“Other than the fact that they are skinnier than you, don’t eat sugar and they run twice a day instead of just once, Olympic runners are the same as you.”
-Dr. Stanley Beecham
This past Thursday, Phidippides running store hosted the second part of their series “Brain Training for Athletes.” Unfortunately I missed part 1, but today I wanted to share with you the key points from the lecture, given by Dr. Stanley Beecham, author of the book Elite Minds. Dr. Beecham is a sport psychologist and leadership consultant, and the talk focused on how he guided Olympic athlete Barbara Parker through the 2008 and 2012 Olympic games.
“What is up with getting better?”
Dr. Beecham poses the question to a room full of runners, some still sweaty from the group run earlier in the evening. It is true that to succeed as an athlete in today’s culture, you are constantly fed the belief that you have to get better in order to feel okay about yourself.

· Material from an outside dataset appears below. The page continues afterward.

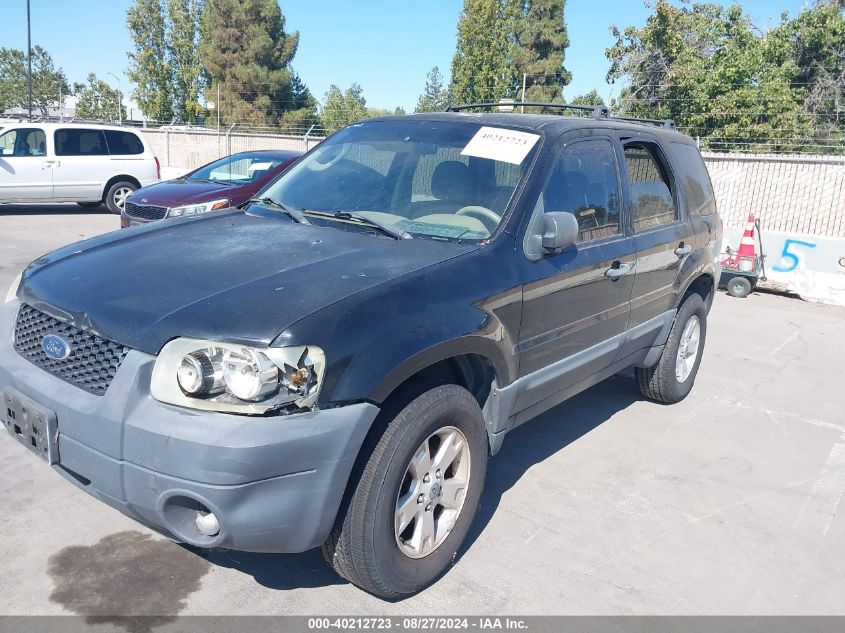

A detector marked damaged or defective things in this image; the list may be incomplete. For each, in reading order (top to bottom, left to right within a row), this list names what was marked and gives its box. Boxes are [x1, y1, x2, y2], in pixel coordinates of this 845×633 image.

damaged headlight [150, 338, 324, 412]
broken headlight lens [150, 338, 324, 412]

“What happens when you get better?” As a room, we all resonate the same thought: You want to get even better.
Let me admit it. I am a perfectionist. But most “amateur competitive” athletes (and of course elite athletes) are. We all think the same: Set a PR, train for the race, beat your PR, set a new one, change the distance you race, go longer, run more, run harder, burn out.

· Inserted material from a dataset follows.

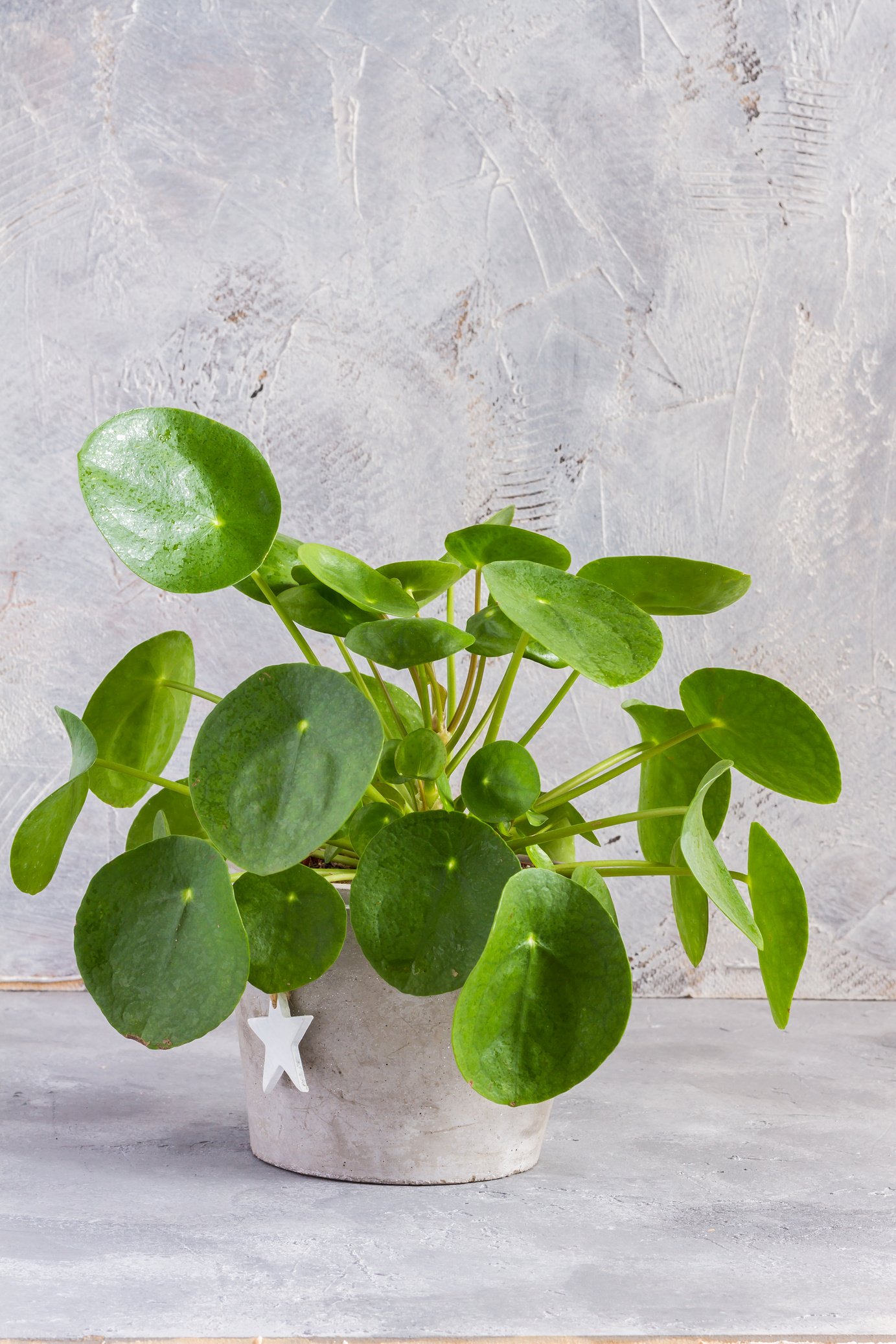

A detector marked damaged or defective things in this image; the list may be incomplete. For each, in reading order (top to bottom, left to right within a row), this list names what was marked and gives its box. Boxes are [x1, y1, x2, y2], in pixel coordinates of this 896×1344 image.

cracked wall texture [1, 0, 896, 989]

We believe that once we get better, we will be okay with ourselves. Dr. Beecham believes in the opposite.
“Once you believe you are okay and understand the beauty and miracle that there is nothing wrong with you the way you are, that is when you will start growing and developing.”
A fleeting thought runs through my head. You mean, I am just supposed to sit there and let myself float along.

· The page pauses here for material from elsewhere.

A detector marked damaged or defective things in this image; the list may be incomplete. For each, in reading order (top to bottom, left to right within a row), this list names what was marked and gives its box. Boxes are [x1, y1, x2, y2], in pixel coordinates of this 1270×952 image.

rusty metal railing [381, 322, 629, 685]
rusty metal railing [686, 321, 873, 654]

Well, yes. That’s how it happens in nature right?
“What if coaches just told their teams, We are fine just the way we are today.” Dr. Beecham tells us, “If you accept that you don’t need to get better to be okay, you will get better by feeling okay with where you are in life right now.”
It holds true beyond running too. In personal life, work life, etc.
However Dr. Beecham sets out a challenge for us. “You need to find out where the end of you is.” He says most people stop at fear. “You have to be willing to take a risk in order to discover your full potential.”
So he suggests to go out and be scared that you may “die” on the race course. Have that experience, because it makes for a more interesting life. Dr. Beecham wants you to “run because you are going to enjoy your life more, not because you want to stay in shape.”
It is hard to simply enjoy running when you set the bar for yourself. When you do a half marathon, does that mean you have to do a full marathon? Not if it isn’t going to be something you enjoy. (Non-runners laugh at the thought of anyone enjoying 26.2 miles, but for marathoners, you understand that love-hate relationship.)
Barbara Parker offers some advice to us in order to break through that barrier of fear. Each week she has a different mantra that she repeats during her training. This word or phrase becomes something familiar to her over the course of the week, so when it comes time to race, it distracts her from the physical pain and keeps her focused on her race goal.
Hearing this talk just a week before my third half-marathon (Atlanta Allstate 13.1) gives me a breath of fresh air. I’ve set a goal and feel confident that I can achieve it. But I need to remind myself that I am okay if I don’t break a new PR. At the same time, I need to make sure I challenge myself enough and feel like I have left it all on the course. I’ve never felt that experience in a race because I always hold back. Maybe this race is the one. After all, October is my favorite month, so it is a great time to push it to the limit.